When the Polestar Precept concept from Volvo’s electrified sister company first debuted last month, I didn’t think there was a lot of specifications and details to really get excited about yet, as it was just a vague concept. And that’s still true! But it turns out the interior is actually interesting.
The big point of the concept car at its reveal last month was the compact redesigned sensor suite packaged in the nose of the car for the self-driving and driver assistance hardware. But now Polestar has revealed some more info on the car, and the interior sounds like a preview for a future that benefits everybody.

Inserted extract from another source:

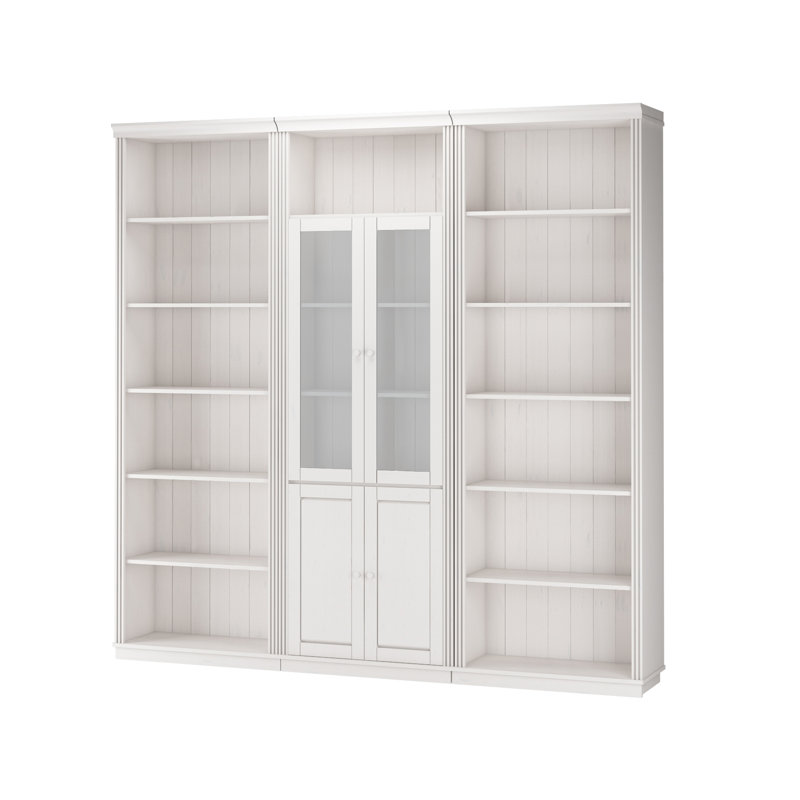 Demirhan Solid Wooden Library Bookcase H:223 W:222cm, White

Polestar claims the recycled materials used for most of the interior are not just better for the planet, but they also reduced the weight of the interior materials on the car by half, compared to traditional plastic.
The automaker worked with a company called Bcomp on the interior using a flax-based natural composite, managing to reduce virgin plastic in the car by 80 per cent. The companies also claim that the material and its unique leaf-like spine support structure “can reduce vibrations by up to 250% and perform better during an impact.”
Reclaimed plastic from PET plastic bottles is also 3D-knit into the seats, formed true to size in production with no trimming necessary, so there’s supposedly no waste. Plastic from bottles is also used for the entire roof liner.
While the design is mostly good (I hate the headlights), and the hardware packaging is indeed special, I find the recycled interior to be the most interesting aspect of the Precept. We can save the planet and still improve performance.
Lotus’ Colin Chapman wouldn’t like the complexity of the materials, but he’d sure appreciate the weight savings when he saw how much mass these battery cars have.